An Associated Press story out of New York caught my attention this weekend. I was introduced to the term “ghosting.”
All seemed to be going well with Randolph Rice’s new receptionist. She asked for more responsibilities and got them, and said she was happy, the story reported.
Then, two months into the job at Rice’s law office, she didn’t show up for work or call in sick. Rice tried to reach her, but got no response. He’d been ghosted: The receptionist ended the work relationship in much the same way many people end romantic associations, without a text, email, or call.
“Phones and the internet have created less of a bond between individuals,” says Rice, who practices in Baltimore. “Connections are so easy to cut off, so, why not do it for a job?”
While most people do give notice if they intend to leave, ghosting is becoming more common. Small business owners and human resources professionals say it happens with staffers of any age and tenure, but is more likely among younger employees whose dependence on texts and chats can make them less experienced with tough conversations. Many deal with uncomfortable situations by just cutting off communication.
The ghosting cases follow a trend toward no-shows at job interviews that began when companies resumed hiring after the Great Recession. Jodi Chavez, president of the recruiting firm Randstad Professionals, says some candidates felt that hiring managers were cavalier during the recession, not responding to resume submissions, emails and calls.
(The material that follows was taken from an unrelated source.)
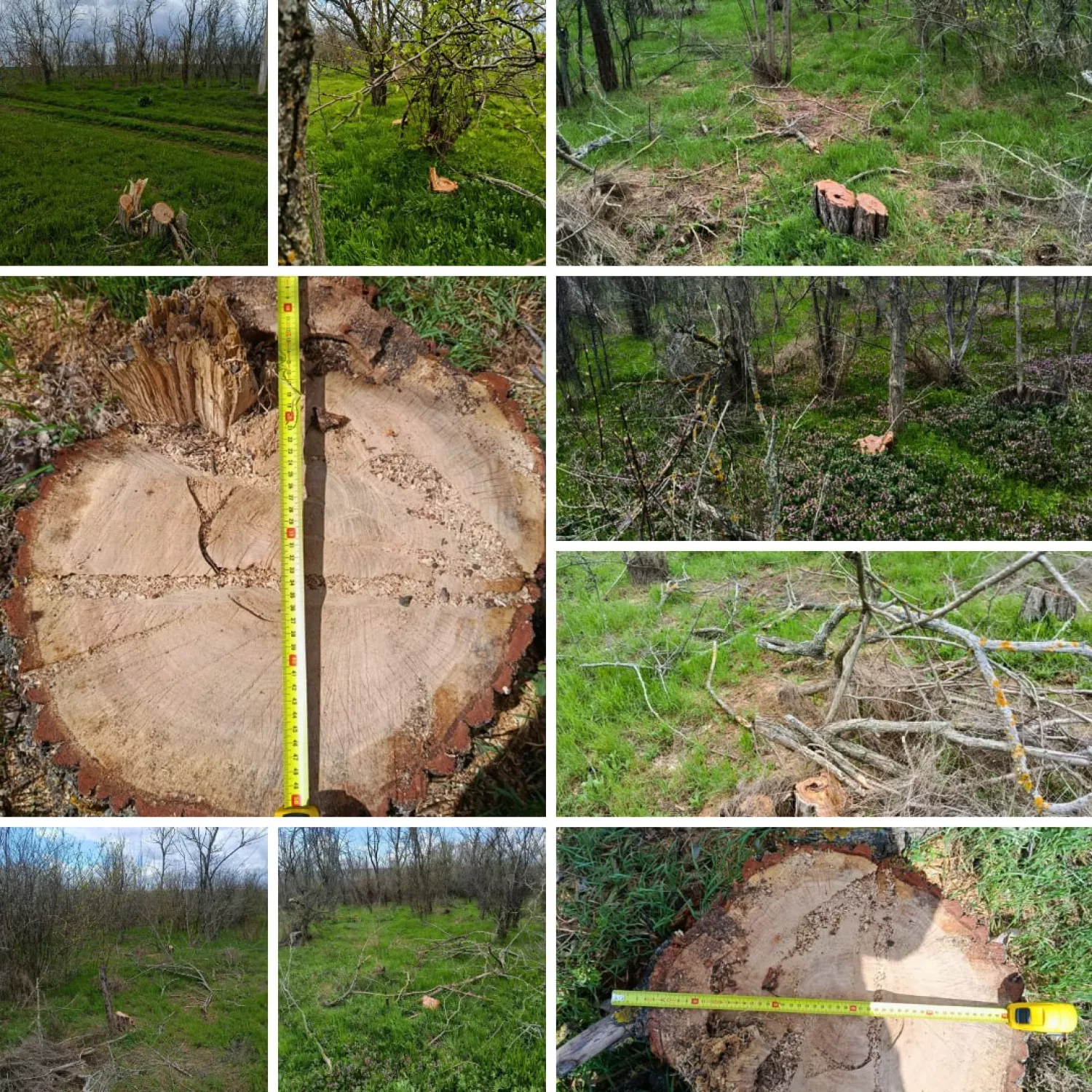 На Одещині у водоохоронній зоні Хаджибейського лиману незаконно вирубали 57 акацій. Фото: Держекоінспекція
They’re now acting the same way. And that recession-era approach is still a factor, says Pete Davis, president of recruiter Impact Management Services.
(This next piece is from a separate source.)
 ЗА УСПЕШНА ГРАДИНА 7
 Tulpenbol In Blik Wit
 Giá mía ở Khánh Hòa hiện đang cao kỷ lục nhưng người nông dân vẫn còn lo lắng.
The low unemployment rate and big demand for help makes staffers feel more empowered to just leave, Chavez says.
“There’s an abundance of job openings. They have more choices,” she says.
Ghosting isn’t just an HR problem, in my opinion. I have witnessed first hand the habit of “going silent” when someone doesn’t want to deal with something.
Ghosting used to be limited to sales department. If a customer didn’t want to buy and ad, etc., they would just stop answering the phone, email, duck under the desk, etc. Many feel it this behavior part of the “sales game,” but I think it is just cowardice.
However, ghosting has permeated nearly every aspect of business. If there is potential conflict, better to ignore than deal with it.
Problems don’t just go away. Conflict is a part of life. Reputations are made and ruined by such behaviors.
Leave the ghosts to Halloween. They have no place in the business world.
David Specht is Editor and publisher of the Minden Press-Herald.